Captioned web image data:
┏━━

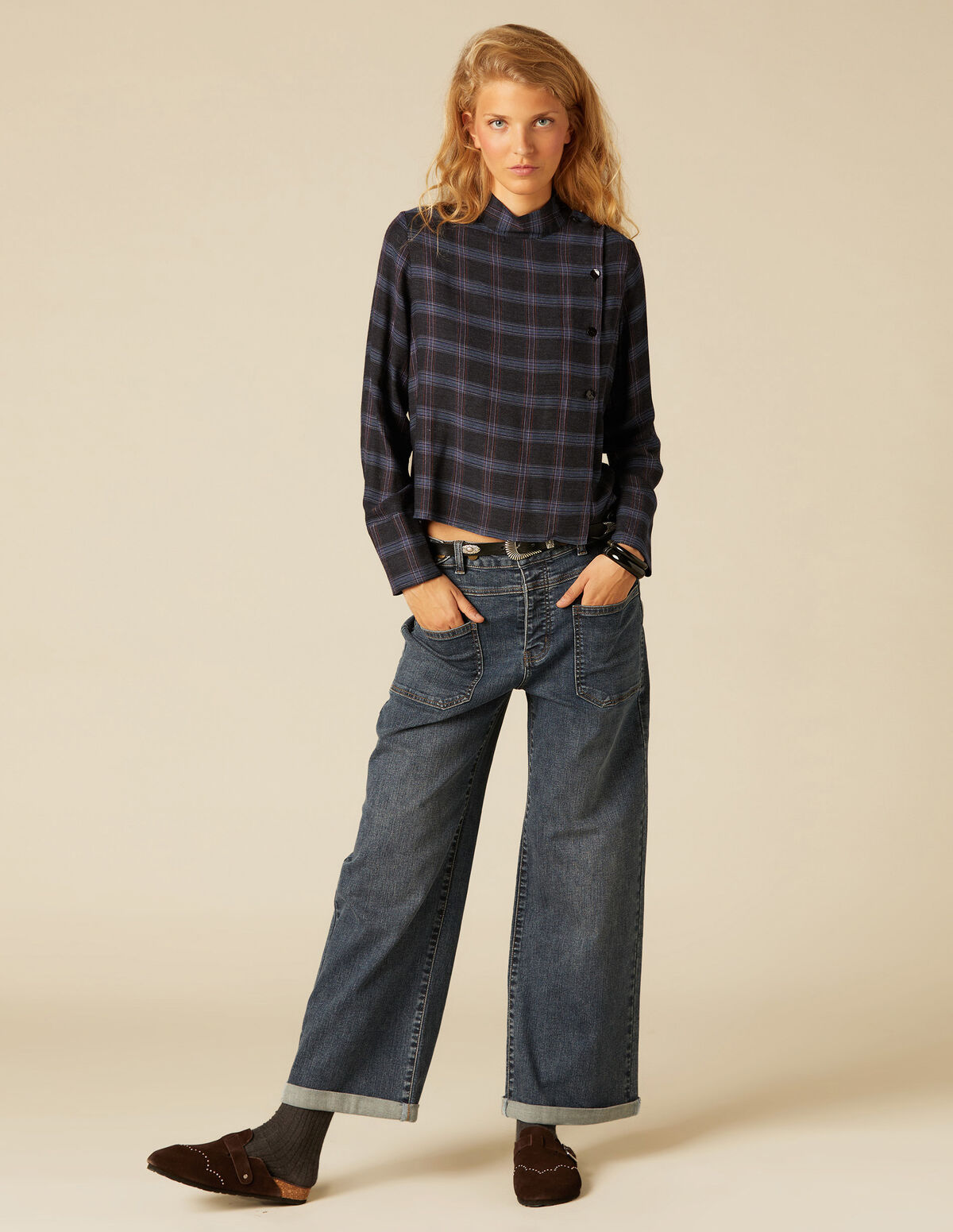 BLUE BUTTONED WAISTBAND JEANS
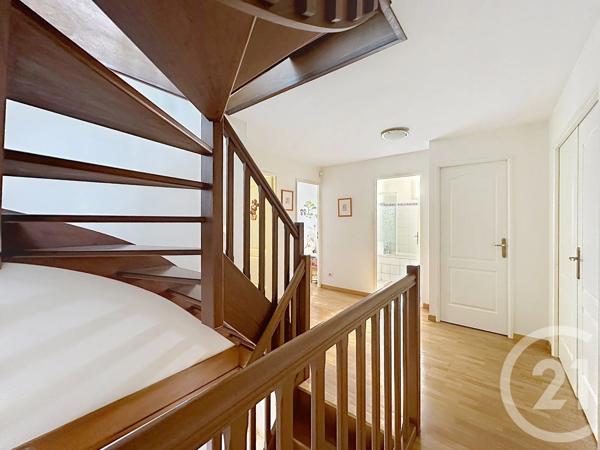 Maison à vendre  9 pièces - 218,14 m 2   THIAIS  - 94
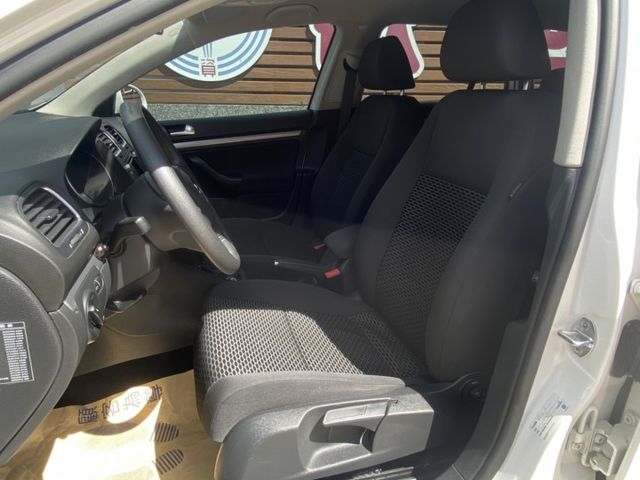 一手車 鈑件原 車況優 里程保證 實跑七萬多公里 少跑里程 小引擎大馬力 加長版 認證車 可貸款 優質原裝進口旅行式車款  第13張相片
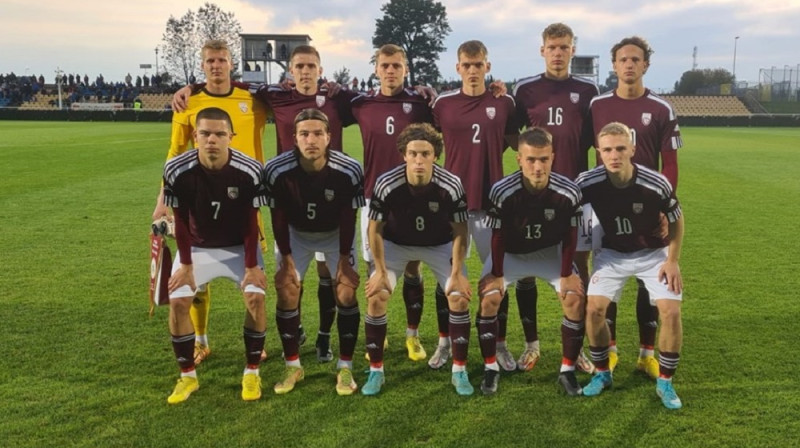 Latvijas U21 futbola izlases sākumsastāva spēlētāji. Foto: Latvijas Futbola federācija.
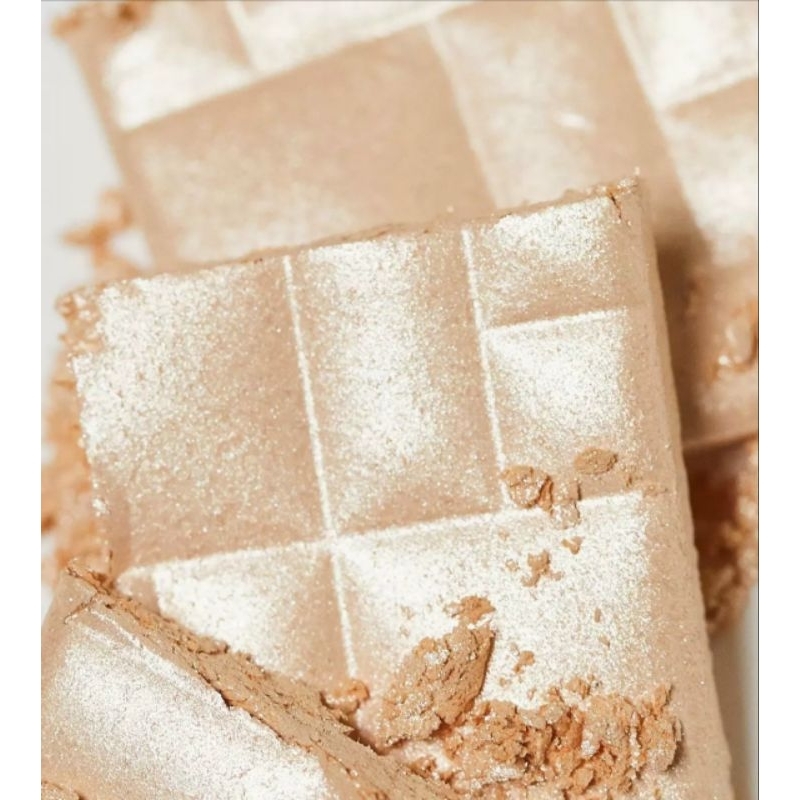 Phấn Highlight Bobbi Brown màu Quartz Glowy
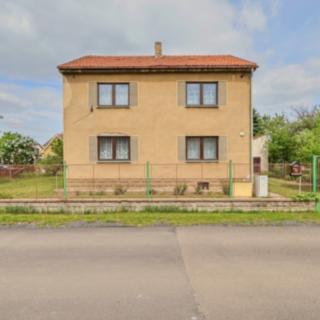 Prodej rodinného domu 142 m² Semice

┗━━

=== Instructions to follow ===
Reproduce each line of the records exactly and exclude any images.

=== Result of the exercise ===
 BLUE BUTTONED WAISTBAND JEANS
 Maison à vendre  9 pièces - 218,14 m 2   THIAIS  - 94
 一手車 鈑件原 車況優 里程保證 實跑七萬多公里 少跑里程 小引擎大馬力 加長版 認證車 可貸款 優質原裝進口旅行式車款  第13張相片
 Latvijas U21 futbola izlases sākumsastāva spēlētāji. Foto: Latvijas Futbola federācija.
 Phấn Highlight Bobbi Brown màu Quartz Glowy
 Prodej rodinného domu 142 m² Semice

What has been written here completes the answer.